You’ve probably guessed by now that I tend to blog about my current writing challenges, and this is no exception. I last rewrote my manuscript in July, but even with several months to gain some distance from the story, I’m finding it difficult to edit/rewrite text when I practically have it memorized.
So how do you re-read your writing with fresh eyes, when your eyes aren’t anything like fresh (at least, not with respect to this particular manuscript!)? Keep reading for ideas!
Strategy #1: Read it aloud
You’ve probably heard that one before, but it doesn’t make it any less effective. Reading your work aloud can alert you to mistakes and awkward phrases that you might not catch otherwise.
Strategy #2: Have a text-to-speech program read your work aloud
Hearing your words in someone else’s voice is helpful in and of itself, because you lose the benefit of author interpretation. When a computer program reads your work, its very awkwardness can help you identify problem spots.
Strategy #3: Print your manuscript—paperback style
In Writing a novel with Scrivener, David Hewson recommends printing out your book in the format it will ultimately appear—single spaced, smaller font, with two pages per sheet of paper. I think it fools your brain into thinking you’re reading a physical paperback. Whatever the reason, it’s worked for me!
Strategy #4: Change up your reading style
Do you usually read on the computer screen? Print a hard copy. Do you usually read 12 pt Times New Roman? Switch to 10 pt Calibri, just to jog your brain into a different gear.
Strategy #5: Read with focus
Craft your pitch, post it beside your computer, and read with that in mind. Are you staying true to the story you’re promising readers?
Strategy #6: Read with focus, take 2
Similarly, you can read through the manuscript with theme in mind.
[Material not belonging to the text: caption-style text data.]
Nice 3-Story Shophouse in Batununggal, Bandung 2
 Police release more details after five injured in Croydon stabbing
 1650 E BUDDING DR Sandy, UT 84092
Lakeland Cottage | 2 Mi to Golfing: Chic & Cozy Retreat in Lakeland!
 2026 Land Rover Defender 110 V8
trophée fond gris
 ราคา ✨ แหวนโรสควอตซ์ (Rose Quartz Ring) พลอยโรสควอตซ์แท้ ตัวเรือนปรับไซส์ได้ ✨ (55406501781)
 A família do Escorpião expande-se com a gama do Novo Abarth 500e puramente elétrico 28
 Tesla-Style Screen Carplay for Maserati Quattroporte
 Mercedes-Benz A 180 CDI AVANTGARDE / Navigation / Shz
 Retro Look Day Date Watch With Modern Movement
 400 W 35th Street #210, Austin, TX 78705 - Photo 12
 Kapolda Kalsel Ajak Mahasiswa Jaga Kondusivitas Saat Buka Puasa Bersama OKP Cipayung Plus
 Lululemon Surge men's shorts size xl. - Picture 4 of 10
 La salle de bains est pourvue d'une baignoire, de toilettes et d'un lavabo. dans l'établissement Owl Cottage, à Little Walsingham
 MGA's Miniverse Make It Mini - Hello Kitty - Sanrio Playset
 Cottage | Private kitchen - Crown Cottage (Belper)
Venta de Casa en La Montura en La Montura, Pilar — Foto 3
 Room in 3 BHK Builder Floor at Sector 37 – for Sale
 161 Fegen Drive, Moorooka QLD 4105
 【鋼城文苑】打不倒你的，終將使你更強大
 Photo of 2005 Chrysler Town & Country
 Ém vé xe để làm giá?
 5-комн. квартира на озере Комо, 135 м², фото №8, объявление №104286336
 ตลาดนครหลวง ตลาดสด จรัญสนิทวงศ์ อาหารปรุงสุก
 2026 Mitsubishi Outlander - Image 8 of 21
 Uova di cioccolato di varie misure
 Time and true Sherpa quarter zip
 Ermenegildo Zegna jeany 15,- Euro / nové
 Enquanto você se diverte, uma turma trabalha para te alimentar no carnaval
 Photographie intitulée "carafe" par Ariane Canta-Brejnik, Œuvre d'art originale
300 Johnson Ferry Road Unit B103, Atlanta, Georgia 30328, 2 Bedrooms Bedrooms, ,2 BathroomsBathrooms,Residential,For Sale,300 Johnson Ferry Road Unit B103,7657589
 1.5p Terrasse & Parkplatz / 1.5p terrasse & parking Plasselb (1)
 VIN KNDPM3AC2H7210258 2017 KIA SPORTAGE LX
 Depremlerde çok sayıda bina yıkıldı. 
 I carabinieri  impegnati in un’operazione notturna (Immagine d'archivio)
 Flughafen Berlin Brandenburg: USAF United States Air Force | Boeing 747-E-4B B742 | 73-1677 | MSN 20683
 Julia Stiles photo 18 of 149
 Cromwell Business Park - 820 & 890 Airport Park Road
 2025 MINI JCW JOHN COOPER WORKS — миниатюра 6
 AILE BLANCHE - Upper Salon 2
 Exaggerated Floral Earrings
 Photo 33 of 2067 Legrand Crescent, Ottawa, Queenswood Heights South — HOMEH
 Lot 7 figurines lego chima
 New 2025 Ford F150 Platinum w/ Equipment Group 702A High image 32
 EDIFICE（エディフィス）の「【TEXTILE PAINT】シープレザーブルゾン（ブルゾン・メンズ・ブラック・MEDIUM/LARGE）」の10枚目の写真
Does everything build upon your core idea?
Strategy #7: Read-and-walk
Did you know that the sheer fact of movement changes the way your brain processes information? Avoid major highways, of course, but reading your manuscript while walking on your treadmill or a relatively smooth sidewalk can help you see your work anew.
Strategy #8: Switch it around
Try reading your book from the last chapter to the first. Or, if you’re reading to correct grammar and punctuation errors rather than content, read the text in reverse. It forces your brain to focus on one word at a time, allowing you to see details you might otherwise skim past.
Strategy #9: Make it visual
Print your manuscript in super-small font, single spaced, and line up as many pages as you can fit on your table, bed, or basement floor. This technique isn’t for detailed reading, but it’s great for getting the “big picture” of how your story is structured.
Strategy #10: Make it MORE visual
Are you reading with a specific goal in mind? Highlight individual character names, points-of-view, or clues to the mystery using those lovely highlighters in your desk. You know, the ones you’ve been saving for a really great project. This is it!
You can combine this technique with the previous to get a visual idea of how well you’re balancing different story aspects—or, for the digitally inclined, highlight text in your word processing program.
What about you? How do you help yourself read your work with a fresh perspective? I’d love to hear your tips in the comments!